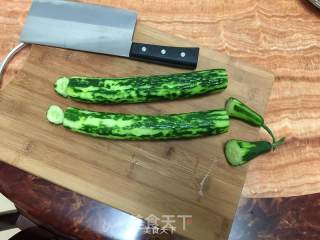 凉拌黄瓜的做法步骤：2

...

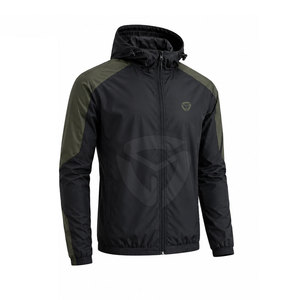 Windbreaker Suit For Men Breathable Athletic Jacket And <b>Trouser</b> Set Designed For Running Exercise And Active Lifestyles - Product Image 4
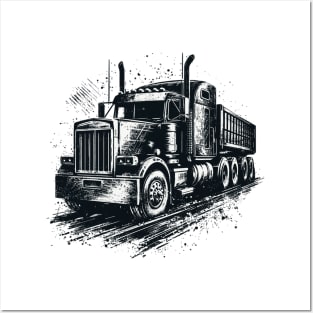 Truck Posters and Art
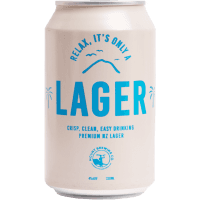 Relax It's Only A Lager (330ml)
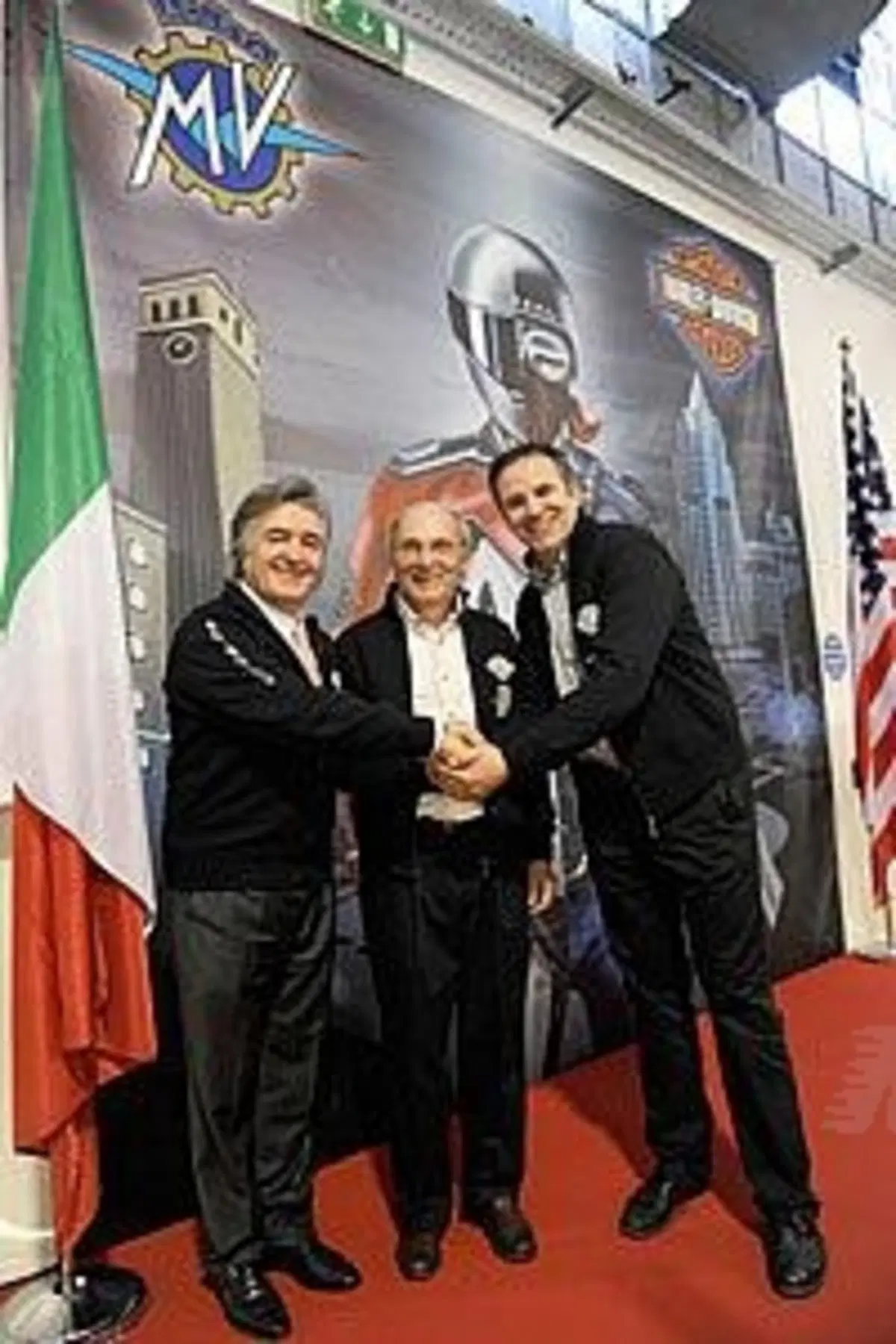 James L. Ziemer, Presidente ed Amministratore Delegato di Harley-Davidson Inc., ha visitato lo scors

» YOUR OBJECTIVE:
The answer must be the lines above from the one containing "Windbreaker Suit For" through the one containing "James L. Ziemer, Presidente", reproduced exactly, with no pictures and nothing else.

» RESPONSE BOX:
 Windbreaker Suit For Men Breathable Athletic Jacket And <b>Trouser</b> Set Designed For Running Exercise And Active Lifestyles - Product Image 4
 Truck Posters and Art
 Relax It's Only A Lager (330ml)
 James L. Ziemer, Presidente ed Amministratore Delegato di Harley-Davidson Inc., ha visitato lo scors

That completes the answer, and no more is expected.